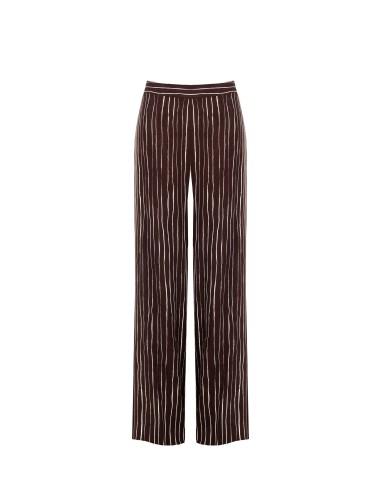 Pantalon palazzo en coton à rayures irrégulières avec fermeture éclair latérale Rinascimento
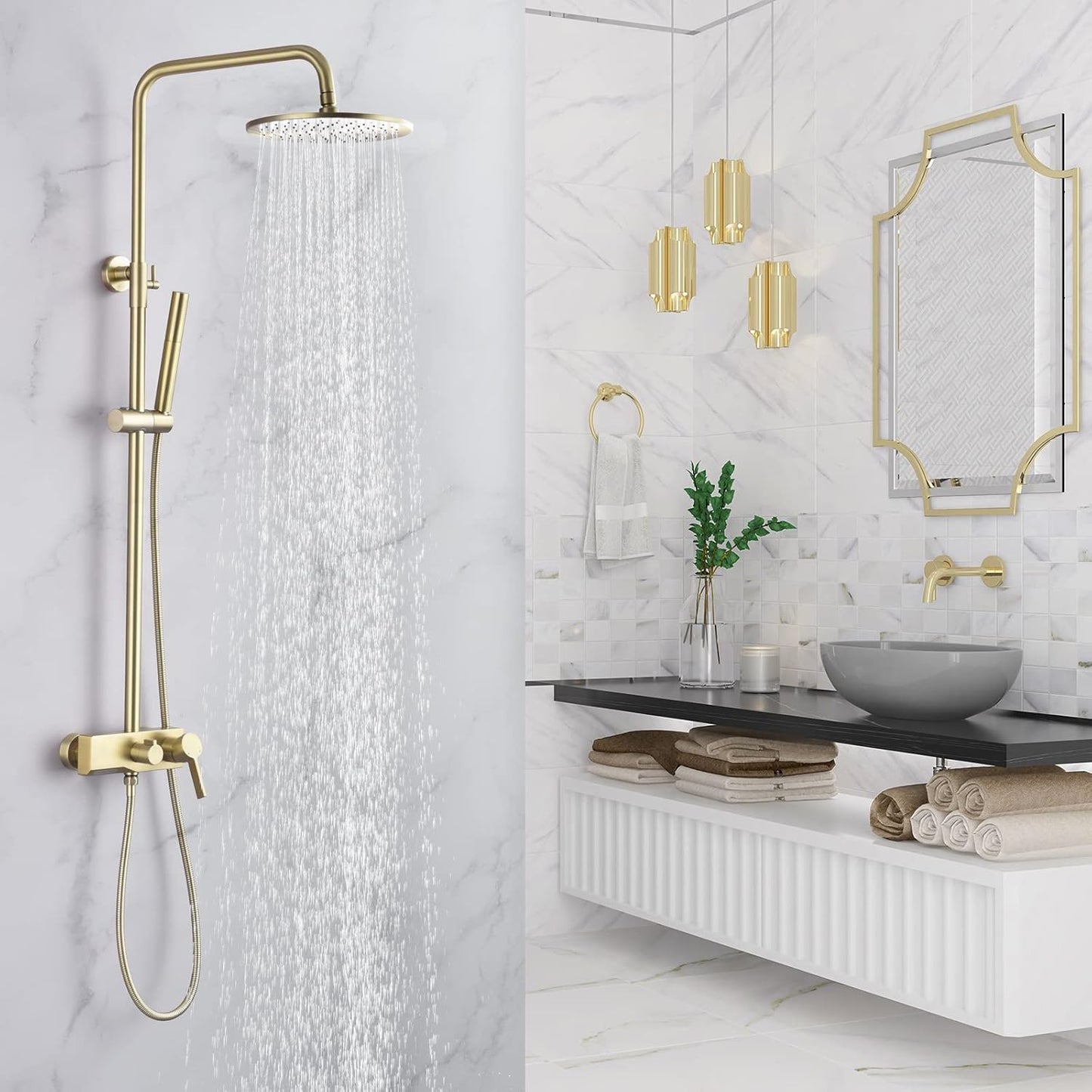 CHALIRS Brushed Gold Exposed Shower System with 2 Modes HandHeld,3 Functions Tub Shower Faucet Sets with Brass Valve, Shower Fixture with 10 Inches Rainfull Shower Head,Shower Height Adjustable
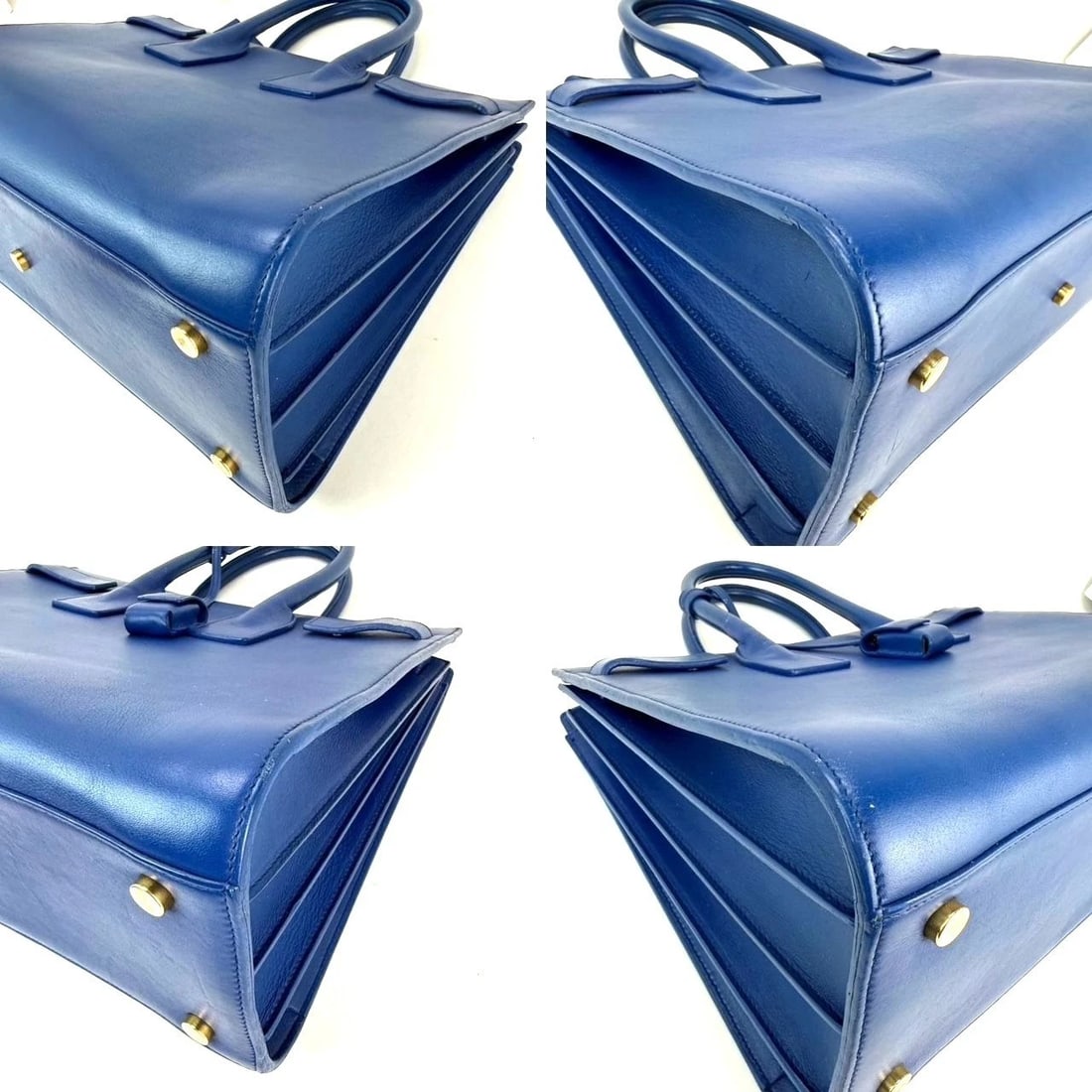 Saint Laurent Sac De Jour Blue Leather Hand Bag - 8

══════

Please reproduce the listing exactly, leaving out any pictures.

 Pantalon palazzo en coton à rayures irrégulières avec fermeture éclair latérale Rinascimento
 CHALIRS Brushed Gold Exposed Shower System with 2 Modes HandHeld,3 Functions Tub Shower Faucet Sets with Brass Valve, Shower Fixture with 10 Inches Rainfull Shower Head,Shower Height Adjustable
 Saint Laurent Sac De Jour Blue Leather Hand Bag - 8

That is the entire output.